Work required —
The answer is the line with "Two men exchange a handshake and smile" and every line after it to the end of the listing, retyped exactly. Pictures do not belong in it.

==================================================

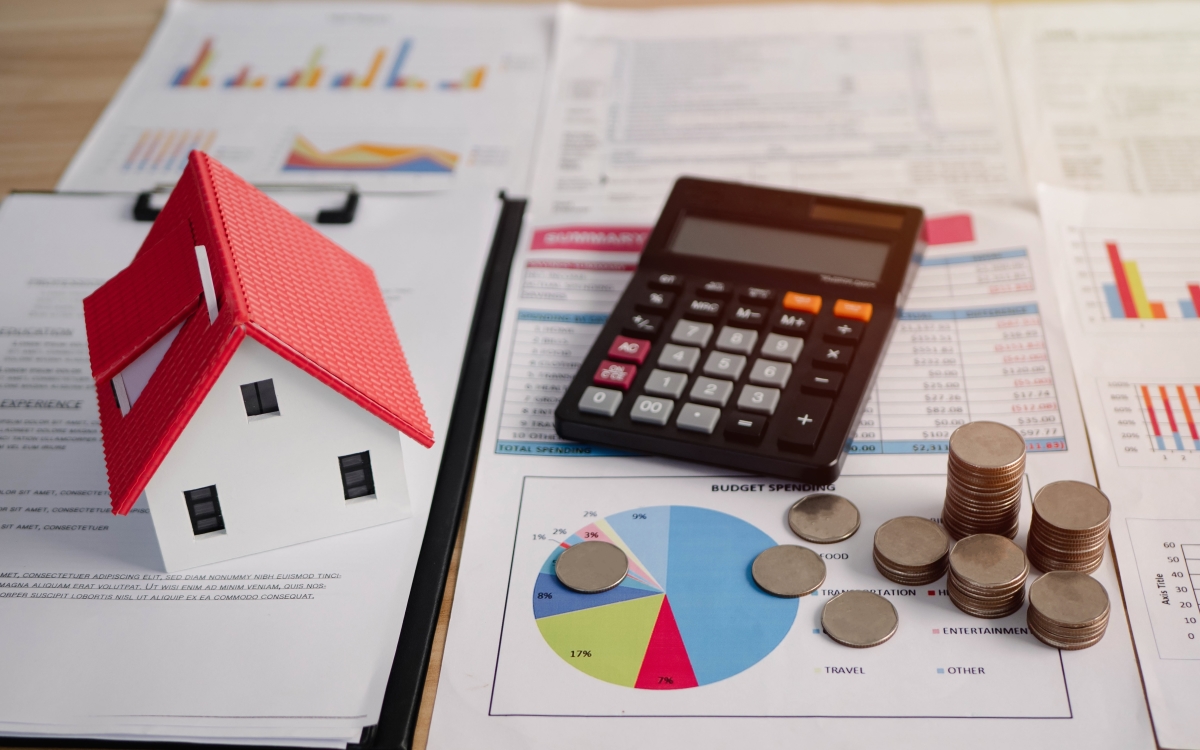 La LTV et la THLV ont des conditions d’application différentes taxe logements vacants – maquette de maison calculatrice et tas de pièces au dessus de documents de calcul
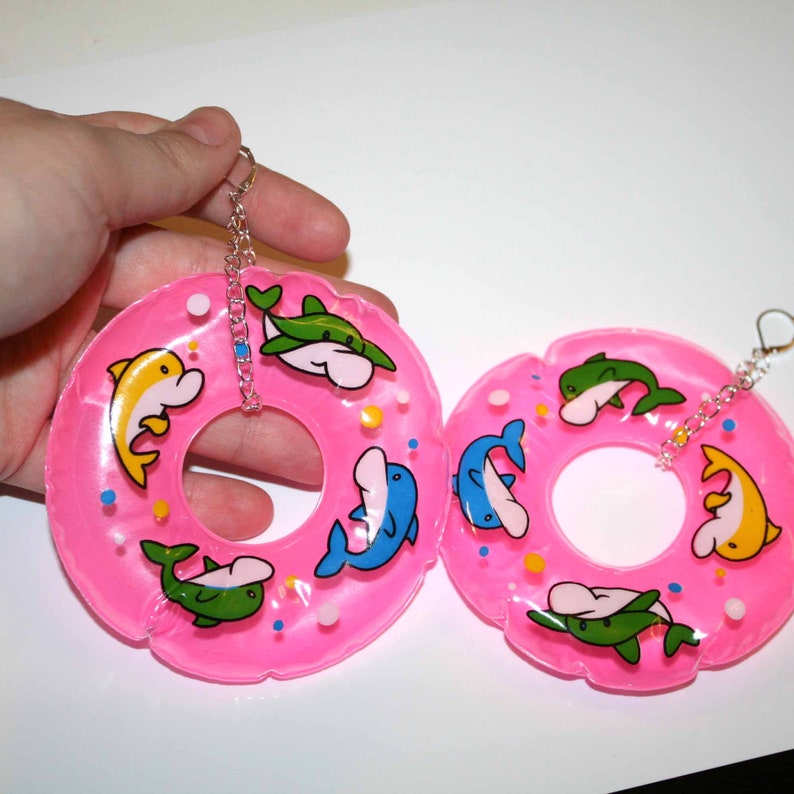 Puede incluir: Un par de pendientes de aro inflables de color rosa con un dise&ntilde;o de delfines y peces. Los aros est&aacute;n unidos a cadenas plateadas con ganchos.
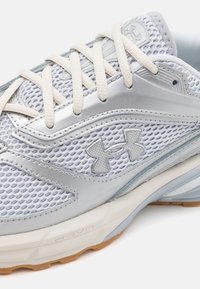 Gros plan d'une chaussure de course Under Armour blanche et argentée avec tissu en mesh, laçage frontal et semelle amortie marquée « HOVR ».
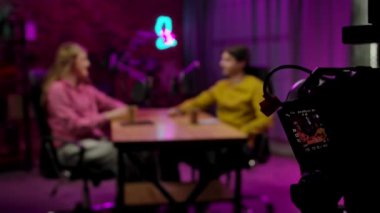 Çevrimiçi yayın. Sahne arkası bulanık ev sahibi ve konuk kayıt röportajı tavan arası podcast stüdyosunda, dijital içerik yaratıyor, tripodda çekim yapan kamera, pov. Yavaş çekim.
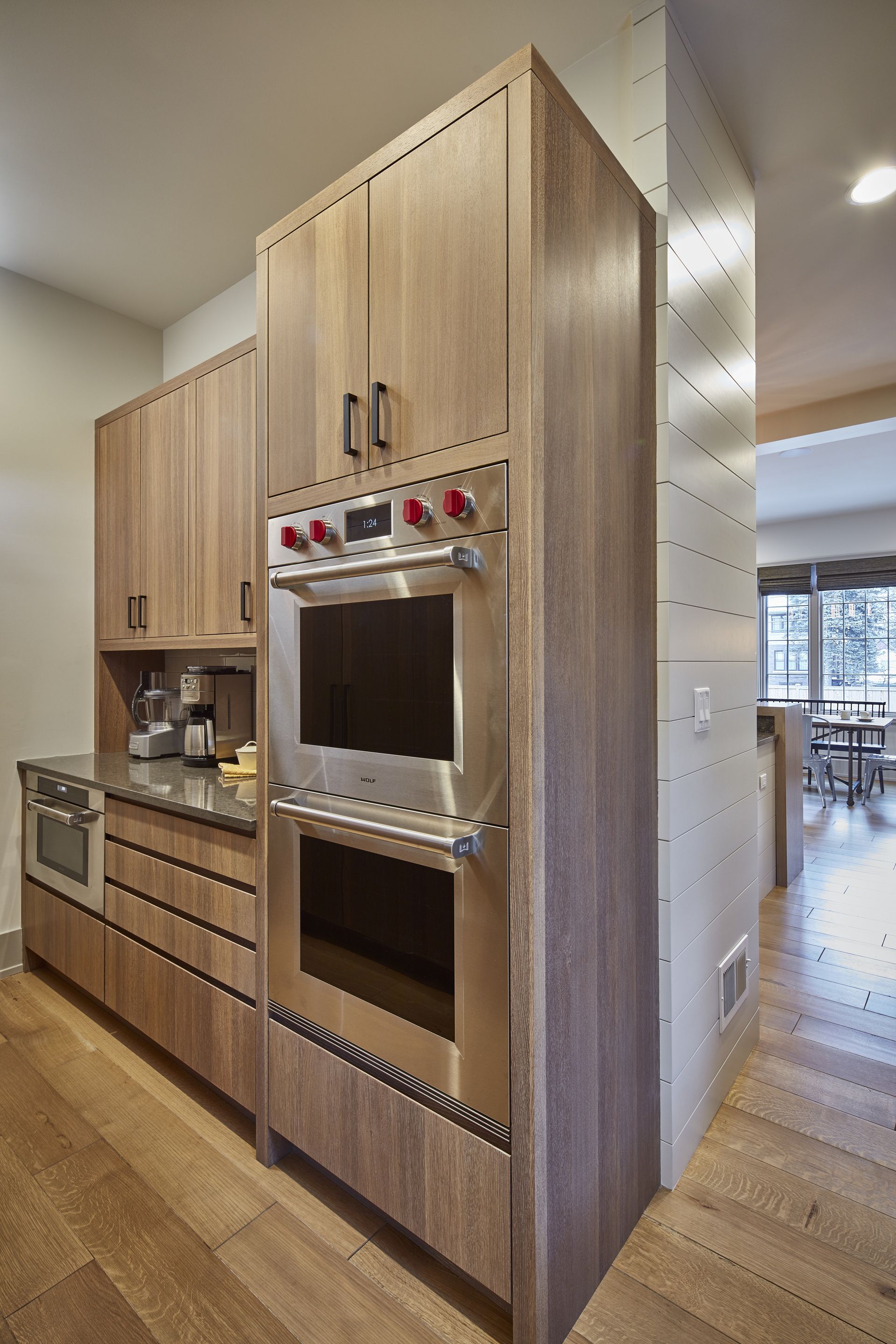 A kitchen with stainless steel appliances and wooden cabinets.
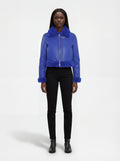 Female model wearing Maverick Cobalt shearling biker jacket, cropped fit, styled with black skinny jeans and leather ankle boots. Maverick Jacket.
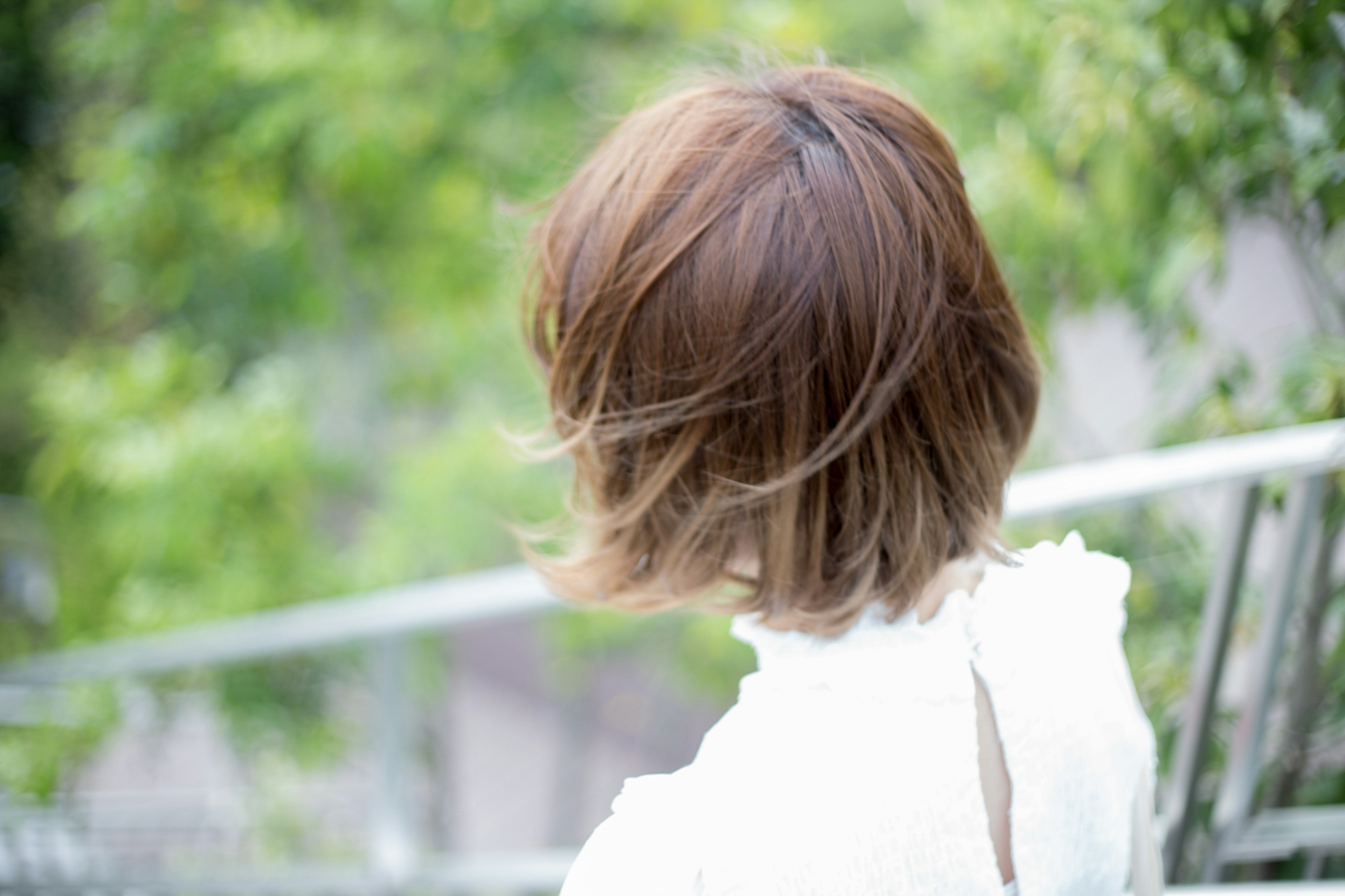 Mujer con cabello corto castaño de espaldas en un fondo verde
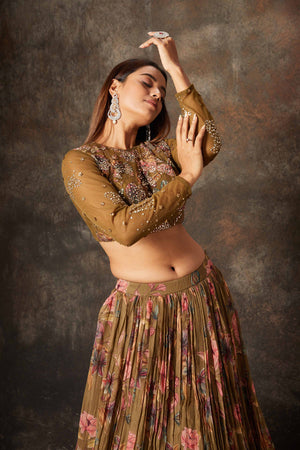 Buy brown printed and embroidered designer lehenga online in USA. Look stylish at parties and special occasions in beautiful designer sarees, embroidered sarees, handwoven silk, party sarees, lehengas, Anarkali suits from Pure Elegance Indian fashion store in USA.-closeup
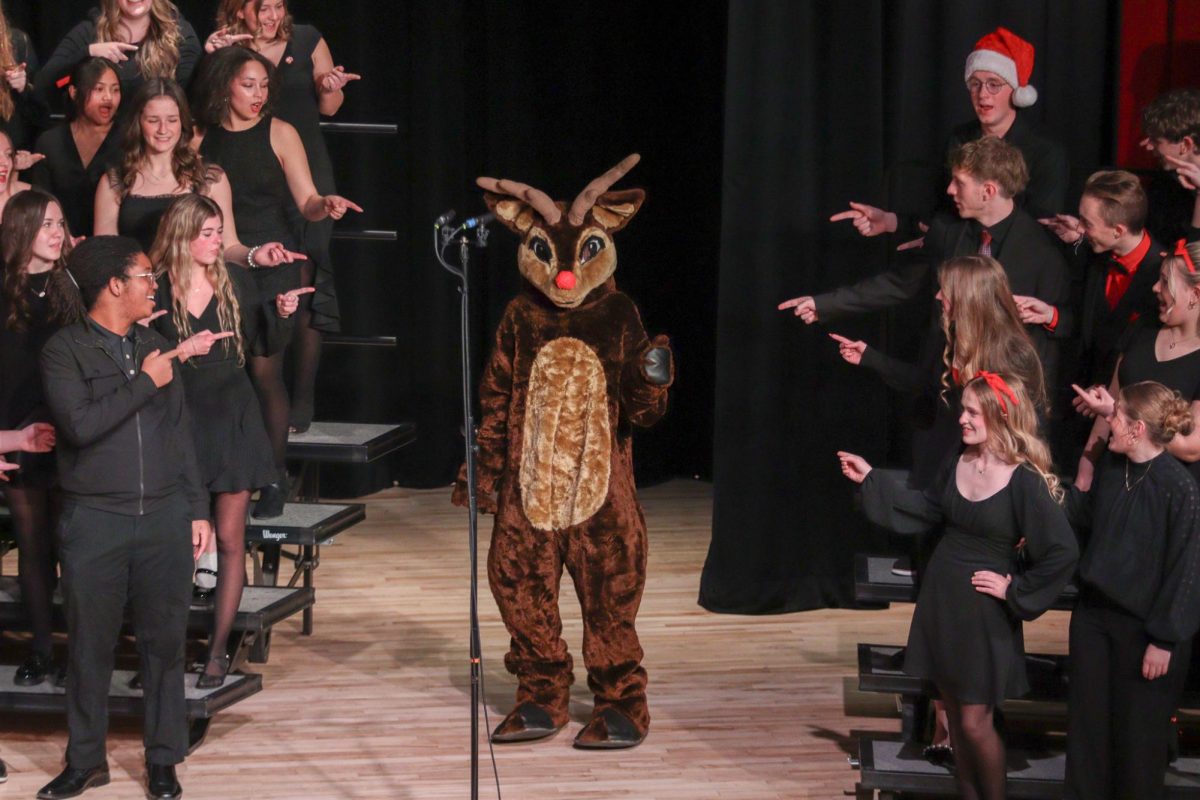 Andy the Antler making an appearance at the band and choir concert during the song "Rudolph the Red Nosed Reindeer".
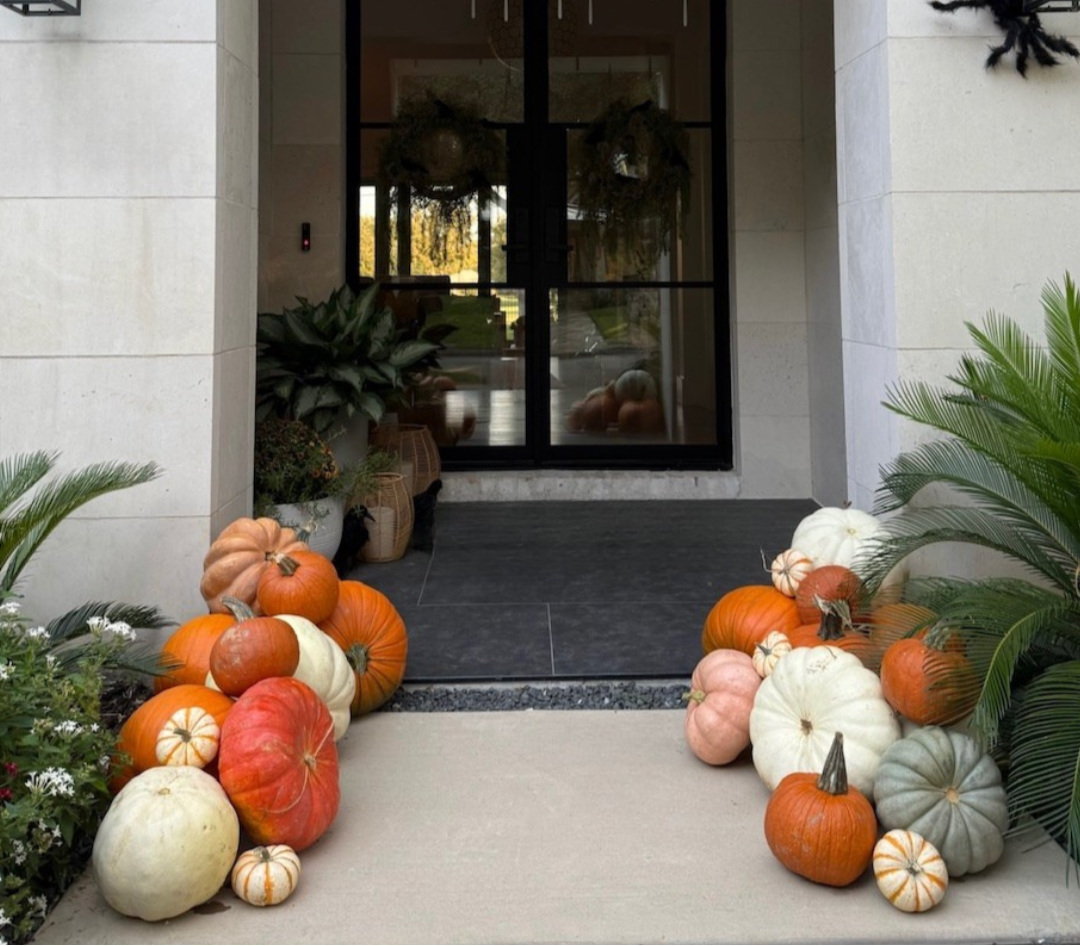 A variety of pumpkins decorate a modern porch.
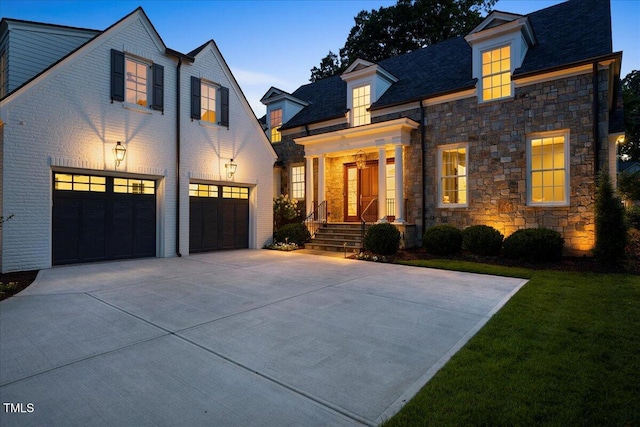 1307 Mayfair Rd, Raleigh, NC 27608 - view of front of home with an attached garage, concrete driveway, stone siding, and a front lawn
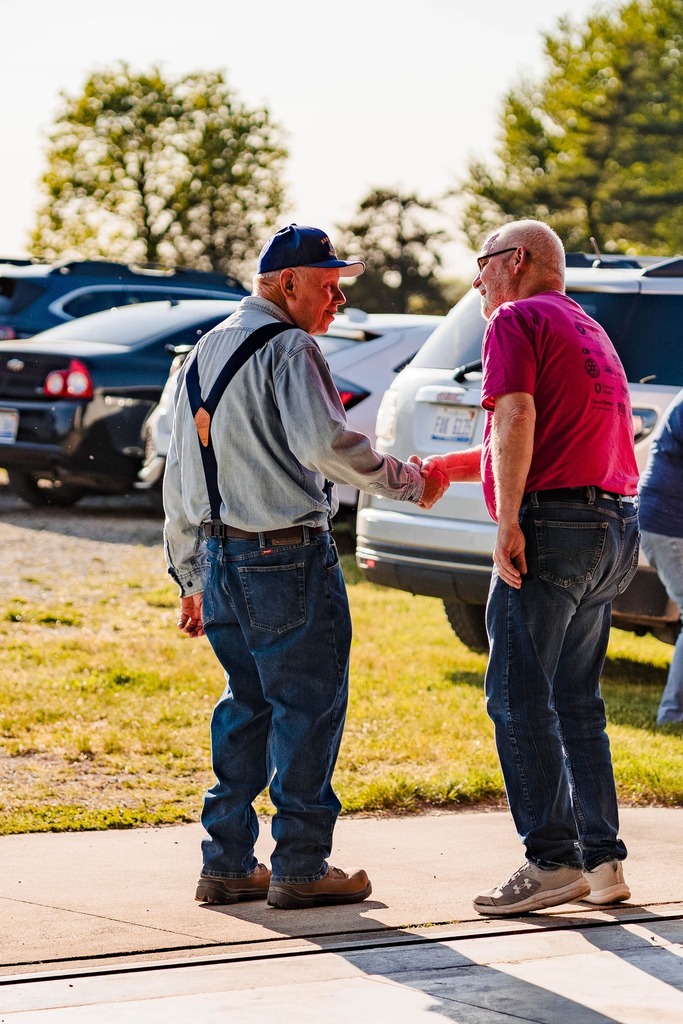 Two men exchange a handshake and smile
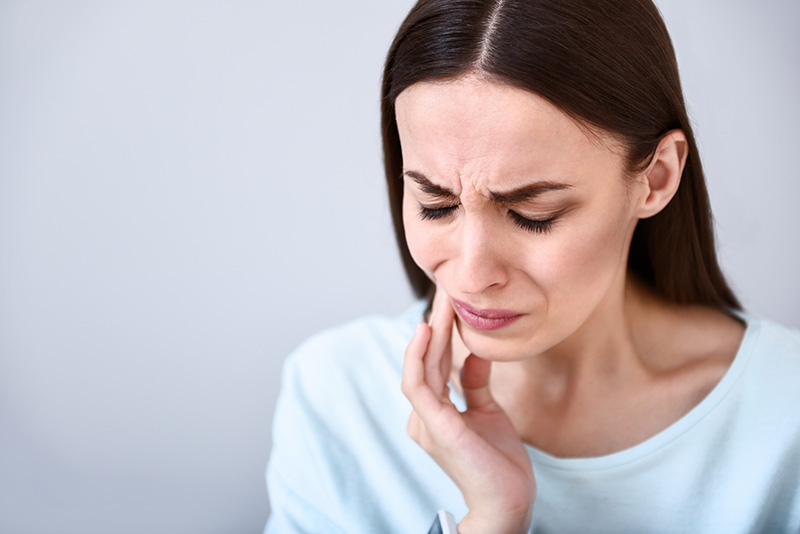 Cheerless woman having toothache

==================================================

Answer section —
 Two men exchange a handshake and smile
 Cheerless woman having toothache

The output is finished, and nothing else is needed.